The initial plan for a shopping centre at this location was developed by a consortium, the largest company involved being the UK division of Australian property company Multiplex. However, due to heavy financial losses in other ventures, including the construction of the new Wembley Stadium, Multiplex was forced to sell its stake to another Australian company (and competitor), Westfield Group.[5]

The development was built by Westfield Construction, the developer's own construction arm and was delivered on schedule.[6] Robert Bird Group were the structural engineers for the job.[7] The roof was designed by Knippers Helbig Advanced Engineering (Stuttgart, Germany).[8] The project took five years to build, employing 8,000 people.[9] The Project Director was John Roberts.

There was a structural/organisational challenge relating to the White City depot of the Central line Underground railway.

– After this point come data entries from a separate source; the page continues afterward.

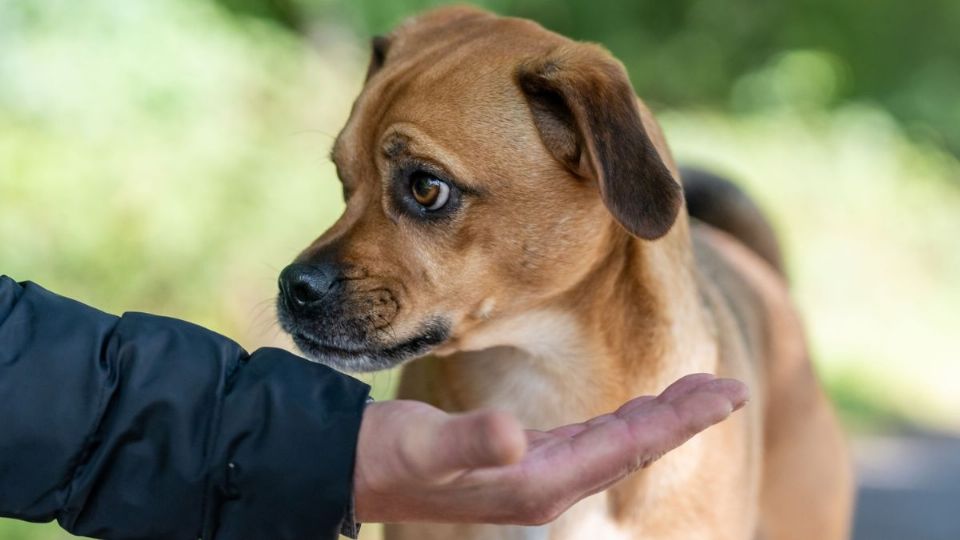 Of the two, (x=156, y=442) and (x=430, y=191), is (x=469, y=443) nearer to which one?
(x=156, y=442)

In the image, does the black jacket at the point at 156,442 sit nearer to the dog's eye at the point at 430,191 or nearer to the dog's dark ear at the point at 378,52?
the dog's eye at the point at 430,191

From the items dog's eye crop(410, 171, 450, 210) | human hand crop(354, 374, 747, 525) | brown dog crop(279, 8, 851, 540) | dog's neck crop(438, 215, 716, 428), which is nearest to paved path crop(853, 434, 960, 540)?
brown dog crop(279, 8, 851, 540)

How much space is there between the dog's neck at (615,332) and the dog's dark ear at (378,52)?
96 centimetres

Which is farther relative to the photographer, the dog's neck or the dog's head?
the dog's neck

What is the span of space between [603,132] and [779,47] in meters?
12.5

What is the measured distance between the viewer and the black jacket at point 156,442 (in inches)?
96.5

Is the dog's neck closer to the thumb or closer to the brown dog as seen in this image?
the brown dog

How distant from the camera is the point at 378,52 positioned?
3893mm

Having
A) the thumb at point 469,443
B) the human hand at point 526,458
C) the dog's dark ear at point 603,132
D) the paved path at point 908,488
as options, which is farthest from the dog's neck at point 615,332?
the paved path at point 908,488

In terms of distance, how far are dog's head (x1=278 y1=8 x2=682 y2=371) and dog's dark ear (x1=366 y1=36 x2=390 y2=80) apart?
479mm

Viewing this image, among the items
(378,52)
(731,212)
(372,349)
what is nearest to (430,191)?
(372,349)

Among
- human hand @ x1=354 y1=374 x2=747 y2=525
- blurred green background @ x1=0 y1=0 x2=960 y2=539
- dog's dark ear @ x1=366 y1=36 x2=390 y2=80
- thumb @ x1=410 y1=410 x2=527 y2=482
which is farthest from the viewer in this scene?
blurred green background @ x1=0 y1=0 x2=960 y2=539

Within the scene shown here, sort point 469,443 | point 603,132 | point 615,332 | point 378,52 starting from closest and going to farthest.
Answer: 1. point 469,443
2. point 603,132
3. point 615,332
4. point 378,52

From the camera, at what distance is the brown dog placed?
3.21 metres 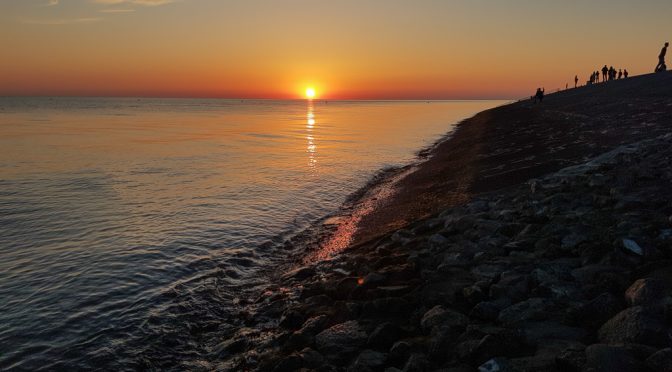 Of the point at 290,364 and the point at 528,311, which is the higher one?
the point at 528,311

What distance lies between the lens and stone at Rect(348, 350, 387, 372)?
6.34 m

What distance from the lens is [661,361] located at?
14.7 feet

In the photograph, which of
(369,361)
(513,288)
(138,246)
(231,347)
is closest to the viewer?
(369,361)

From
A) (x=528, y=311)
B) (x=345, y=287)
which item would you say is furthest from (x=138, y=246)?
(x=528, y=311)

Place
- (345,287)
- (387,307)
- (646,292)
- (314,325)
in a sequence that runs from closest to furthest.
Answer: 1. (646,292)
2. (387,307)
3. (314,325)
4. (345,287)

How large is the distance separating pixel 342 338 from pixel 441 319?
173cm

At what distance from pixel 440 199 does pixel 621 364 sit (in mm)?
14074

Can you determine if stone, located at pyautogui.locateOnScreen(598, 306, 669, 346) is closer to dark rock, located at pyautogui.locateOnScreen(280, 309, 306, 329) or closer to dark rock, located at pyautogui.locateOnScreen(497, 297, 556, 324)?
dark rock, located at pyautogui.locateOnScreen(497, 297, 556, 324)

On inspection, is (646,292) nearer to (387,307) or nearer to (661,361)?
(661,361)

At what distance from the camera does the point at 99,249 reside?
15.2 m

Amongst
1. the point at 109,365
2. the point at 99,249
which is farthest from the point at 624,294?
the point at 99,249

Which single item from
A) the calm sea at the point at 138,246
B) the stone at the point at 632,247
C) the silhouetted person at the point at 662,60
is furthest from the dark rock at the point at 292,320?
the silhouetted person at the point at 662,60

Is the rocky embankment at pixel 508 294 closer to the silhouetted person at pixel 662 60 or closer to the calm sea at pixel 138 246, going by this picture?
the calm sea at pixel 138 246

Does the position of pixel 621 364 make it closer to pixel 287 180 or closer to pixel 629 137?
pixel 629 137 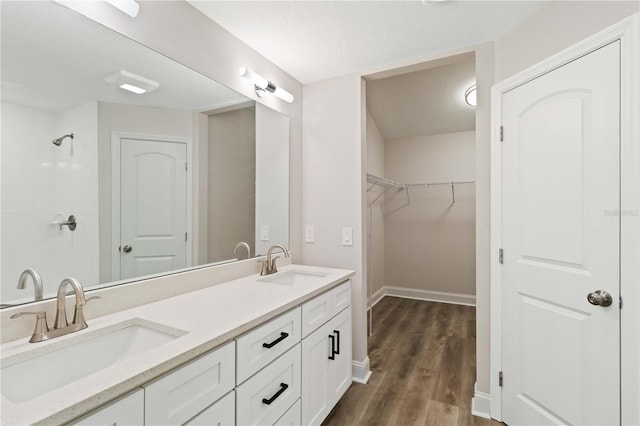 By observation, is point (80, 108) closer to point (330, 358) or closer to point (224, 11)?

It covered a large proportion of the site, and had to be kept fully operational while being excavated beneath and relocated bit by bit at a lower level to allow the centre to make use of its previous location.

There were also considerable precautions needed due to the expectation of finding unexploded bombs from raids on a local munitions factory during the World War II blitz.

Planned extensions

On 16 February 2012, Hammersmith and Fulham Council approved a 9 hectare extension to the north of the existing site. The north side of the extension is bounded by the existing railway viaduct, and the south side of the extension is adjunct to the present shopping centre. The extension will replace the industrial estate which currently occupies the area, which is divided by Ariel Way. The planned extension includes 51,000 square metres (550,000 sq ft) of retail space, offices, new streets, public spaces, and approximately 1,522 new homes. The department store John Lewis is expected to be the occupant of an 'anchor store' within the extension. The development ranges from four to twelve storeys high with one building at 20 storeys. Building work began in 2014 and will be phased through 2017.[10] The work also includes modifications to Shepherd's Bush Overground Station, relocation of the bus station and reuse of the Dimco Buildings, and pedestrian links on the east side of the site connecting Hammersmith & Fulham with Kensington and Chelsea.[11]

Kidzania part of the extension opened in 2015.[12][13]

Criticism

This substantial new development has been criticised. The impact Westfield London will have is not yet fully understood, but it is anticipated that the centre will attract trade that otherwise might have gone to the West End and may also have a strong negative impact on nearby Kensington High Street.[14] The development has also pushed up rents in the Shepherds Bush area, which is expected to impact on the value retail offer in the area, with many businesses as well as the Shepherds Bush Market expected to suffer.[15] Others have criticised the centre's "clone stores".

In 2009, it was nominated for the "Carbuncle Cup", an architecture prize, given annually by the magazine Building Design to "the ugliest building in the United Kingdom completed in the last 12 months".